Bank of Ghana Exits Small Scale Gold Trading

Bank of Ghana Exits Small Scale Gold Trading
Bank Of Ghana

The Bank of Ghana (BoG) will stop engaging in the small scale gold trading business from January 1, 2026, marking a significant shift in the country’s gold sector operations.

Governor Dr Johnson Asiama submitted a proposal to the BoG board in November 2025 to exit the Artisanal Small Scale Gold Mining (ASGM) gold trading segment under the Domestic Gold Purchase Programme (DGPP), and the proposal received approval. The central bank will continue its broader DGPP operations while fully transferring the small scale segment to the Ghana Gold Board (GoldBod).

Sources say the move will allow the Bank of Ghana to focus on other segments of the DGPP as well as its core mandate of inflation targeting and price stability. Officials emphasized the decision arose from strategic restructuring rather than external criticism.

The Finance Minister, Dr Ato Forson, advanced approximately 4.4 billion cedis to GoldBod in the 2025 Budget, a move expected to enable GoldBod to completely assume operations while the central bank no longer incurs related costs starting next year. In 2026, GoldBod will control the entire gold supply chain and sell the gold proceeds in US dollars to the Bank of Ghana in exchange for cedis for subsequent gold purchases.
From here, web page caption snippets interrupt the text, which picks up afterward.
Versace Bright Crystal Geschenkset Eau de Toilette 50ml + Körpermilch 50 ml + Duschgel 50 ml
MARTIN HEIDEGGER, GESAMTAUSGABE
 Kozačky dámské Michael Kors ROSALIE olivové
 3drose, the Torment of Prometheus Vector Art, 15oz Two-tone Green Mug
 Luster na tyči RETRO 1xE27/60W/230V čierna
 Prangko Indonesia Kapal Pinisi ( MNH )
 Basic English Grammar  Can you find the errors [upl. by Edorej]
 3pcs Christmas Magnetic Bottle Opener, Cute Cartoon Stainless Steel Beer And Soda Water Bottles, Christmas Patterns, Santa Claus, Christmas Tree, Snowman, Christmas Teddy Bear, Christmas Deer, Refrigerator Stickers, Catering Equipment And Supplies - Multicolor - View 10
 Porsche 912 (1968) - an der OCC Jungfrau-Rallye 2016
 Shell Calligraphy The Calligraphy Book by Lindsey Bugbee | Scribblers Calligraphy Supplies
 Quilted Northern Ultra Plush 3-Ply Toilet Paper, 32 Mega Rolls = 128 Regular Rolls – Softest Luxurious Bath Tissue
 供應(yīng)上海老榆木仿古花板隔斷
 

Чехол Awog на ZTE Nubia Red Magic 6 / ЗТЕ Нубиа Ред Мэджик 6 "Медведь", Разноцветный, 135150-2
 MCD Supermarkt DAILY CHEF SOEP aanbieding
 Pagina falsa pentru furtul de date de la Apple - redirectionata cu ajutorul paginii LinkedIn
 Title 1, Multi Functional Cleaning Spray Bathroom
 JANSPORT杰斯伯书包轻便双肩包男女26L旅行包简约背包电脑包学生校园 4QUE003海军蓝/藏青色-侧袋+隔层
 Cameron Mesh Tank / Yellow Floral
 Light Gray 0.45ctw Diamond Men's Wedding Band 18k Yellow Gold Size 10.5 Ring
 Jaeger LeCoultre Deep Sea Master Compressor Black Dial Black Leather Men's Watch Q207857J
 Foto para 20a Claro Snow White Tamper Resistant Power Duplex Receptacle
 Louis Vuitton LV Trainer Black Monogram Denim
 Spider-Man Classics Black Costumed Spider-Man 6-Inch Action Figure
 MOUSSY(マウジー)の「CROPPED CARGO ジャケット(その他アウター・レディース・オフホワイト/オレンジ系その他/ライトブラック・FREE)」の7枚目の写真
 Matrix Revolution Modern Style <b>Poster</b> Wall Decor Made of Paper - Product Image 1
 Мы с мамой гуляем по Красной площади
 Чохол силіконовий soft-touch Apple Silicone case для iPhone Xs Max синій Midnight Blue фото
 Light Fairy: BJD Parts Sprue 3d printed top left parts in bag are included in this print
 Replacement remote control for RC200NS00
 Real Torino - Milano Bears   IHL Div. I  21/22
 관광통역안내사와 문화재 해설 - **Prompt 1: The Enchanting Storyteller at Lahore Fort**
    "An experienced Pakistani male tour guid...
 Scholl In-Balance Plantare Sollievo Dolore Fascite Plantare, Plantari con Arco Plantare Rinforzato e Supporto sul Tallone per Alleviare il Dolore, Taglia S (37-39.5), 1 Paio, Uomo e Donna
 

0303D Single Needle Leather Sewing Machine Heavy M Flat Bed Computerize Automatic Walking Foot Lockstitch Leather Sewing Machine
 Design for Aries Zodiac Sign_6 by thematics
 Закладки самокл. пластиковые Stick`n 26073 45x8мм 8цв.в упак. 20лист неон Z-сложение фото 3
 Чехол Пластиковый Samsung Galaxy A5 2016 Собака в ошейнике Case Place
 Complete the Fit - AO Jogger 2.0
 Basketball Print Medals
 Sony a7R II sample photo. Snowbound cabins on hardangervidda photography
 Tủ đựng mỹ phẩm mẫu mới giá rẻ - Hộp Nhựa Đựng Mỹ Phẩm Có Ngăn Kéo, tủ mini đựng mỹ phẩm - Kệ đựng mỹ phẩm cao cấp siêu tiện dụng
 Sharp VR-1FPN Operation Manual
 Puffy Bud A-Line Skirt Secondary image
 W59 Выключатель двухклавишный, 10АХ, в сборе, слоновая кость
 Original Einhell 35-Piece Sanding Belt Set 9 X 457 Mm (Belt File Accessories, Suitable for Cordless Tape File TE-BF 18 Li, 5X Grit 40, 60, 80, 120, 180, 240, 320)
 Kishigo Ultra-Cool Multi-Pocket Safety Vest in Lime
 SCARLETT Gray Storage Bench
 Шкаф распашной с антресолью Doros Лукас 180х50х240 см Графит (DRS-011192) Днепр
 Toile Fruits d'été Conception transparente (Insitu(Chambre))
The transition comes amid debate over financial performance of the gold programme. The International Monetary Fund (IMF), in its fifth staff review report, noted that losses from artisanal and small scale gold transactions under the Gold for Reserves programme reached $214 million within the first nine months of 2025.

However, a senior official at the bank described the IMF’s opinion as not accurate, noting that the figures are not audited and involve dynamic gold and foreign exchange markets. The Bank of Ghana has described the exposure loss linked to its relationship with GoldBod as premature, arguing that it has not published its financials and any loss or gain cannot be solely attributed to GoldBod exposure but rather to market conditions.

GoldBod Chief Executive Officer Sammy Gyamfi stated the board has made no losses and recorded profits in 2025, with unaudited financial statements showing an expected income surplus of not less than 600 million cedis. He explained that GoldBod’s role in 2025 was limited to buying gold locally, testing its quality, and exporting it for the Bank of Ghana, while the sale and trading of the gold remained the central bank’s sole responsibility.

The Ghana Gold Board was established under the Ghana Gold Board Act, 2025 (Act 1140), which was assented to on April 2, 2025. The legislation granted GoldBod exclusive authority to buy, sell, weigh, grade, assay, value, and export gold and other precious minerals from artisanal and small scale operations. The Act replaced the Precious Minerals Marketing Company and introduced a robust licensing regime prioritizing Ghanaian companies and citizens while barring foreign nationals from local gold trading.

Financial sector stakeholders are monitoring the transition closely as Ghana restructures its gold value chain while aligning central bank priorities with broader economic objectives.